Temp3pm: Temperature (degrees C) at 3 p.m. RainToday: Integer 1 if precipitation (in millimeters) in the 24 h to 9 a.m. exceeds 1 mm, otherwise 0
RISK_MM: The continuous target variable; the amount of rain recorded during the next day
RainTomorrow: The binary target variable whether it rains or not during the next day
write.csv(weather, file = "weather.csv")
set.seed(123)
wd <- read.csv(url("https://raw.githubusercontent.com/josephsimone/DATA607/master/weather.csv"), header = TRUE, sep = ",", stringsAsFactors = TRUE)
dim(wd)
## [1] 366 24
wd <- wd[complete.cases(wd),]
wd <- subset(wd, select = -c(Date, Location, RISK_MM, RainTomorrow, RainToday, WindDir9am, WindDir3pm))
wd <- wd%>%
select(Rainfall, everything())
\(H_\theta:\) Given Minimum Temperature, can you predict the amount of Rainfall for that day ? \(H_A:\) One cannot predict the amount of Rainfall in a day, given the Minimum Temperature. ### Scatter Plot
scatter.smooth(x=wd$Rainfall, y=wd$MinTemp, main="")
par(mfrow=c(1, 2))
boxplot(wd$Rainfall, main="Rainfall", sub=paste("Outlier rows: ", boxplot.stats(wd$Rainfall)$out))

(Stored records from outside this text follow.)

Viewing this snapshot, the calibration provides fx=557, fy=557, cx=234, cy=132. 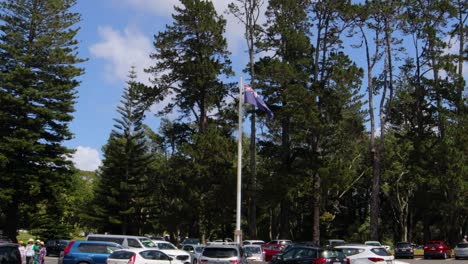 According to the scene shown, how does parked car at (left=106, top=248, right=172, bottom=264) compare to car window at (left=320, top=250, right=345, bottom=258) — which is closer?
car window at (left=320, top=250, right=345, bottom=258)

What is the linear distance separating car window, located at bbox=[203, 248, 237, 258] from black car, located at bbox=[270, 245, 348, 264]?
2193mm

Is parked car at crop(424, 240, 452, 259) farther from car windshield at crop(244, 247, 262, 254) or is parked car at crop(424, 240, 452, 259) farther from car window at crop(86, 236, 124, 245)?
car window at crop(86, 236, 124, 245)

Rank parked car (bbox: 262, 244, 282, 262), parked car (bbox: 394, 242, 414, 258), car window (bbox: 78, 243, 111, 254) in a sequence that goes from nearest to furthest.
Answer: car window (bbox: 78, 243, 111, 254) → parked car (bbox: 262, 244, 282, 262) → parked car (bbox: 394, 242, 414, 258)

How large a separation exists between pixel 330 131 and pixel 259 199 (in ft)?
28.3

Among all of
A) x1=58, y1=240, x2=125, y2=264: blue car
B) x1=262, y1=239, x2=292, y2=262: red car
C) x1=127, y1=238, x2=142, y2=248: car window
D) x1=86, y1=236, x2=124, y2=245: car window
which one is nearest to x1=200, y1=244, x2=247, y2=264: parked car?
x1=58, y1=240, x2=125, y2=264: blue car

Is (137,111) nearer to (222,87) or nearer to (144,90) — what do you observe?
(144,90)

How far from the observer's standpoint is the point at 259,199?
48562mm

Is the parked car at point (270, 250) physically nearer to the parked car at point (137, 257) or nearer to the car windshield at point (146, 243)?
the car windshield at point (146, 243)

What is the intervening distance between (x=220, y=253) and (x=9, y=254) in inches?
336

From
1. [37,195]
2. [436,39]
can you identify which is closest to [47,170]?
[37,195]

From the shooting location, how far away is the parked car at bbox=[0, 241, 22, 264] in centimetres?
1450

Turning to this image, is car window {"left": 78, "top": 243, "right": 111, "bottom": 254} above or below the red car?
above

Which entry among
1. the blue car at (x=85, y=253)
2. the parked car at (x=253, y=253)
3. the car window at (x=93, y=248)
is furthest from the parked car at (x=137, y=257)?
the parked car at (x=253, y=253)

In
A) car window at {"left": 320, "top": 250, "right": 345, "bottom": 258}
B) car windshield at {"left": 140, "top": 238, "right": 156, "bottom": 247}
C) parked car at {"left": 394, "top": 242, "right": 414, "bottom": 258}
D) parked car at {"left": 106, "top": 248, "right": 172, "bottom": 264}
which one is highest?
car window at {"left": 320, "top": 250, "right": 345, "bottom": 258} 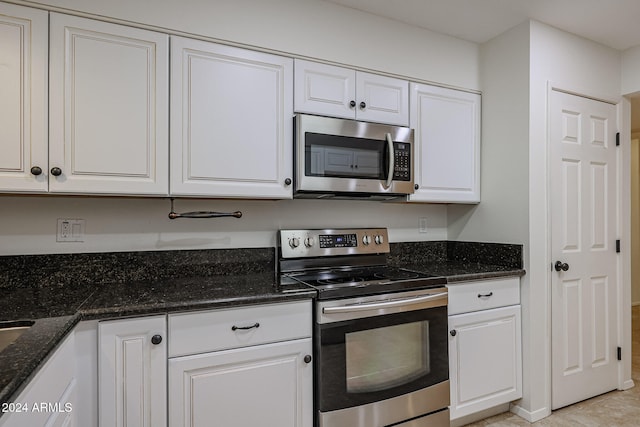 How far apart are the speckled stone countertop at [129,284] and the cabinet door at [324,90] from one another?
33.8 inches

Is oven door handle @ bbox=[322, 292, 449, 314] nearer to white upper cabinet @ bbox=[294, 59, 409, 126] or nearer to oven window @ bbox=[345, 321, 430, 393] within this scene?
oven window @ bbox=[345, 321, 430, 393]

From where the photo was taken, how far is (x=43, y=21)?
5.09ft

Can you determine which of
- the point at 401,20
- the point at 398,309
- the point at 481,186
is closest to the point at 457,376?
the point at 398,309

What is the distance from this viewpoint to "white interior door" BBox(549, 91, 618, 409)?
241 centimetres

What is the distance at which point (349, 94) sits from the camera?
84.8 inches

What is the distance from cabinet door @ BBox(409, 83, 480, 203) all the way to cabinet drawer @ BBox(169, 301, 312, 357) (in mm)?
1069

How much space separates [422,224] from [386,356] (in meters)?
1.15

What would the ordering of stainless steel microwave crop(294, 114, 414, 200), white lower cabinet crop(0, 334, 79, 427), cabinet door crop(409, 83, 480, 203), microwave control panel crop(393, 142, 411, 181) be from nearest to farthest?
1. white lower cabinet crop(0, 334, 79, 427)
2. stainless steel microwave crop(294, 114, 414, 200)
3. microwave control panel crop(393, 142, 411, 181)
4. cabinet door crop(409, 83, 480, 203)

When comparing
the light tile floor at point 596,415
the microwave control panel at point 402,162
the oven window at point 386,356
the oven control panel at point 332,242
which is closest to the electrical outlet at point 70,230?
the oven control panel at point 332,242

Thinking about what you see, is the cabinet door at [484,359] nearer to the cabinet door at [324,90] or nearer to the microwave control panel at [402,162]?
the microwave control panel at [402,162]

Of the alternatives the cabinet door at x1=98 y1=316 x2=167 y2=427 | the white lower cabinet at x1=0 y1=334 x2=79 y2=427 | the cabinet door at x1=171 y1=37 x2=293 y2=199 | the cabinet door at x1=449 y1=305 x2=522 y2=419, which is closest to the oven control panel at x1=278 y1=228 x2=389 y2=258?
the cabinet door at x1=171 y1=37 x2=293 y2=199

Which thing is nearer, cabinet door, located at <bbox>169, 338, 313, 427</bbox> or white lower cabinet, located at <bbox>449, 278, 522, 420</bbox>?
cabinet door, located at <bbox>169, 338, 313, 427</bbox>

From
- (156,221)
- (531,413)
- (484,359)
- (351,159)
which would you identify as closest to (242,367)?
(156,221)

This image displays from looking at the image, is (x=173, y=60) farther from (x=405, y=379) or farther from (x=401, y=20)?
(x=405, y=379) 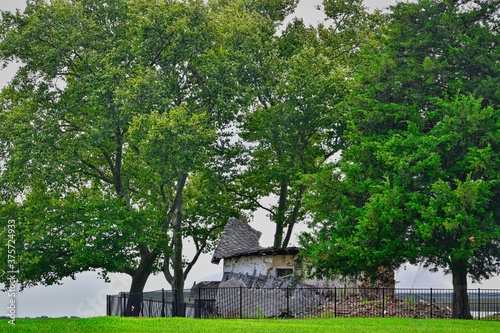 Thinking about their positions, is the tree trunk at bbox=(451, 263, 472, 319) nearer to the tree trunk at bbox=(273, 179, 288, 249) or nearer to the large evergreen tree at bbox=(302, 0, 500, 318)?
the large evergreen tree at bbox=(302, 0, 500, 318)

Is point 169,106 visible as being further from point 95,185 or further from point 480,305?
point 480,305

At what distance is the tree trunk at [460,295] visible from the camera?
36281 mm

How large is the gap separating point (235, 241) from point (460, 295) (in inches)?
585

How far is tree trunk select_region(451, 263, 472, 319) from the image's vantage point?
119 feet

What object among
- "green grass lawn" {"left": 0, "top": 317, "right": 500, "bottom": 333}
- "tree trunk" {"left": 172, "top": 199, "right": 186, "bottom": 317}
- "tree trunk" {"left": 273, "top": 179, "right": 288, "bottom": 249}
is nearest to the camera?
"green grass lawn" {"left": 0, "top": 317, "right": 500, "bottom": 333}

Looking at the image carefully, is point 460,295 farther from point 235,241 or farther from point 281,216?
point 281,216

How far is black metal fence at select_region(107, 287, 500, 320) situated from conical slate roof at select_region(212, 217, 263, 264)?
6947 millimetres

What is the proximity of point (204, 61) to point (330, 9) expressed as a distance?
12.5m

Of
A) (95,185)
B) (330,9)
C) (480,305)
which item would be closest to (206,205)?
(95,185)

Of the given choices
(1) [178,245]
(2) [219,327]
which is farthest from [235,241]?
(2) [219,327]

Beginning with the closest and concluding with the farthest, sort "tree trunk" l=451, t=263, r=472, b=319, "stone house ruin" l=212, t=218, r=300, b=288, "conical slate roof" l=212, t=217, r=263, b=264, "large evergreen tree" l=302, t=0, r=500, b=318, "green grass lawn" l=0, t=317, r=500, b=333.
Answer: "green grass lawn" l=0, t=317, r=500, b=333 → "large evergreen tree" l=302, t=0, r=500, b=318 → "tree trunk" l=451, t=263, r=472, b=319 → "stone house ruin" l=212, t=218, r=300, b=288 → "conical slate roof" l=212, t=217, r=263, b=264

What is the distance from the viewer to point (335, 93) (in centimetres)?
4700

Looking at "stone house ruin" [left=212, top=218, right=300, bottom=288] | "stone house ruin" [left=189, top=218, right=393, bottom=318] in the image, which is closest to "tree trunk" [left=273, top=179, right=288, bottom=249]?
"stone house ruin" [left=189, top=218, right=393, bottom=318]

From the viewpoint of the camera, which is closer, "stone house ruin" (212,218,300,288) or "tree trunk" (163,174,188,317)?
"stone house ruin" (212,218,300,288) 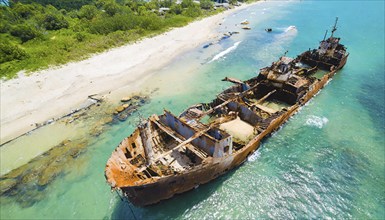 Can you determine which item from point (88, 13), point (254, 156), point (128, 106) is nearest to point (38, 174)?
point (128, 106)

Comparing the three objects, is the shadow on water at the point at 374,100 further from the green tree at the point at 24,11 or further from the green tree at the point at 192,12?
the green tree at the point at 24,11

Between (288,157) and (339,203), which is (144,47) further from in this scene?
(339,203)

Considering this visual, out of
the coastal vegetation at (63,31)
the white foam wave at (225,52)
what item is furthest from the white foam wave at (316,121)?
the coastal vegetation at (63,31)

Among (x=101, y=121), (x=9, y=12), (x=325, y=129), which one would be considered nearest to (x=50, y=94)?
(x=101, y=121)

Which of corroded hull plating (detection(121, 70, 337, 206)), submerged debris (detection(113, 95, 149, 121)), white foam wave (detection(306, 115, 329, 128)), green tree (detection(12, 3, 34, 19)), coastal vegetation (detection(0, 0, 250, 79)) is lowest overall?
white foam wave (detection(306, 115, 329, 128))

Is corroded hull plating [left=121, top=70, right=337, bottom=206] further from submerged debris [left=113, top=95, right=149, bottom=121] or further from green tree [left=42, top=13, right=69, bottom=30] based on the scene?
green tree [left=42, top=13, right=69, bottom=30]

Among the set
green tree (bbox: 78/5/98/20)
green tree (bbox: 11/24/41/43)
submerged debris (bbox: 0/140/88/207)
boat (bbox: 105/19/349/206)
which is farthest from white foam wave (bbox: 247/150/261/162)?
green tree (bbox: 78/5/98/20)

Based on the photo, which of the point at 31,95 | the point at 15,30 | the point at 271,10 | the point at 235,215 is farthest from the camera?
the point at 271,10
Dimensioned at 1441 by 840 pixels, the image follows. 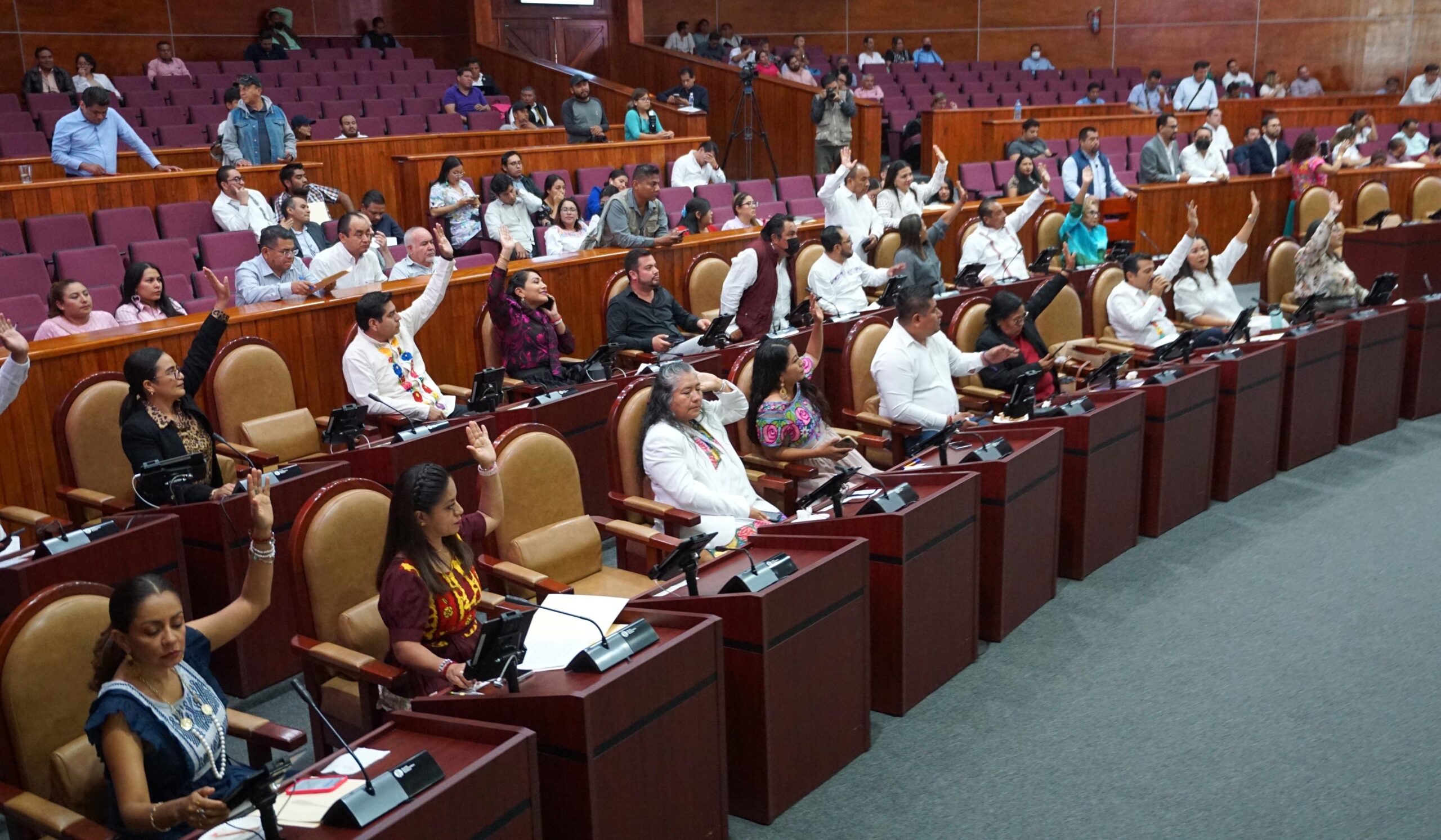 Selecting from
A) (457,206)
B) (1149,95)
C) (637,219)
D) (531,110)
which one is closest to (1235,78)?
(1149,95)

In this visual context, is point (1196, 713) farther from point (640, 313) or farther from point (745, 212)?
point (745, 212)

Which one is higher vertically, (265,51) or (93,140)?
(265,51)

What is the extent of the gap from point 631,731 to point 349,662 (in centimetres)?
67

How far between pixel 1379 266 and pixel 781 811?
627 centimetres

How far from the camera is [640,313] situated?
476 centimetres

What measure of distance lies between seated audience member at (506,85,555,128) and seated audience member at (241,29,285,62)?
2192 mm

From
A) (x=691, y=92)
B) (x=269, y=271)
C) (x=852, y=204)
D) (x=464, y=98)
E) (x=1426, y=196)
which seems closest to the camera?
(x=269, y=271)

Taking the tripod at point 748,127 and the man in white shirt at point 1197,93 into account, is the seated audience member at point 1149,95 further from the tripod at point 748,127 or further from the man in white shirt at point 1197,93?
the tripod at point 748,127

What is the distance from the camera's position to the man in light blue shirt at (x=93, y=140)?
19.7ft

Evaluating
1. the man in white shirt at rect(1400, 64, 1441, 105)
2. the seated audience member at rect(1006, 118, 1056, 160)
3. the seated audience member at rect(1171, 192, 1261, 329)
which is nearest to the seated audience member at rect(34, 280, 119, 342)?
the seated audience member at rect(1171, 192, 1261, 329)

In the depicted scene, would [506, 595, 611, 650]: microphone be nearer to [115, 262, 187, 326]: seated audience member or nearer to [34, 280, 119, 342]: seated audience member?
[34, 280, 119, 342]: seated audience member

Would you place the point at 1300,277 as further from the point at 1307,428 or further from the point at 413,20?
the point at 413,20

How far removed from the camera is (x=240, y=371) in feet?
12.1

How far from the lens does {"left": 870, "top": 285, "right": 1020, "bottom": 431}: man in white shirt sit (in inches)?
156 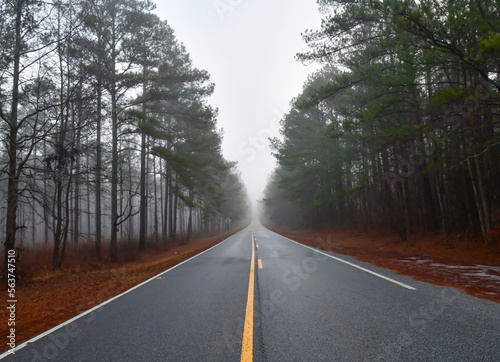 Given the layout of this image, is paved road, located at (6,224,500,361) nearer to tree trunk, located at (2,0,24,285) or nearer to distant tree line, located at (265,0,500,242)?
tree trunk, located at (2,0,24,285)

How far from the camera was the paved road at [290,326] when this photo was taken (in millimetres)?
3461

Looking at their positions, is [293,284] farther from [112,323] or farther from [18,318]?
[18,318]

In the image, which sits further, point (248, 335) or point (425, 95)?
point (425, 95)

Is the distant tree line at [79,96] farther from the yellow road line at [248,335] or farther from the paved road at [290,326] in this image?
the yellow road line at [248,335]

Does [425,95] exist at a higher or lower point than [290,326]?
higher

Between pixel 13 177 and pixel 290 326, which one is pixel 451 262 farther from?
pixel 13 177

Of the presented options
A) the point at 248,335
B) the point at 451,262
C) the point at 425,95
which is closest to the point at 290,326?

boxplot(wd$MinTemp, main="MinTemp", sub=paste("Outlier rows: ", boxplot.stats(wd$MinTemp)$out))
par(mfrow=c(1, 2))
plot(density(wd$Rainfall), main="Density Plot: Rainfall", ylab="Frequency", sub=paste("Skewness:", round(e1071::skewness(wd$Rainfall), 2)))
plot(density(wd$MinTemp), main="Density Plot: MinTemp", ylab="Frequency", sub=paste("Skewness:", round(e1071::skewness(wd$MinTemp), 2)))
polygon(density(wd$MinTemp), col="blue")
cor(wd$Rainfall, wd$MinTemp)
## [1] 0.1973385
ggpairs(data=wd, columns=1:2, title="Rainfall vs MinTemp")
linearMod <- lm(Rainfall~MinTemp, data=wd)
print(linearMod)
##
## Call:
## lm(formula = Rainfall ~ MinTemp, data = wd)
##
## Coefficients:
## (Intercept) MinTemp
## 0.3384 0.1424
summary(linearMod)
##
## Call:
## lm(formula = Rainfall ~ MinTemp, data = wd)
##
## Residuals:
## Min 1Q Median 3Q Max
## -3.314 -1.875 -0.965 -0.185 37.568
##
## Coefficients:
## Estimate Std. Error t value Pr(>|t|)
## (Intercept) 0.33842 0.38221 0.885 0.376576
## MinTemp 0.14238 0.03917 3.635 0.000323 ***
## ---
## Signif. codes: 0 '***' 0.001 '**' 0.01 '*' 0.05 '.' 0.1 ' ' 1
##
## Residual standard error: 4.212 on 326 degrees of freedom
## Multiple R-squared: 0.03894, Adjusted R-squared: 0.03599
## F-statistic: 13.21 on 1 and 326 DF, p-value: 0.0003235
lmp <- function (modelobject) {
if (class(modelobject) != "lm") stop("Not an object of class 'lm' ")
f <- summary(modelobject)$fstatistic
p <- pf(f[1],f[2],f[3],lower.tail=F)
attributes(p) <- NULL
return(p)
}
lmp(linearMod)
## [1] 0.0003234825
summary(linearMod)$r.squared
## [1] 0.0389425
The correlation between the Rainfall and Minimum Temperature is very weak. In addition the \(R^2\) and \(P\) value for this Linear Model are very low.
Thereofore we reject the null hypothesis, in favor of the alternative hypothesis, you cannot predict the amount of Rainfall given the Minimum Temperature.
Weather patterns are known to be none-linear.
In the future,I would like to include more variables than the Maximum Temperature to predict the null hypothesis.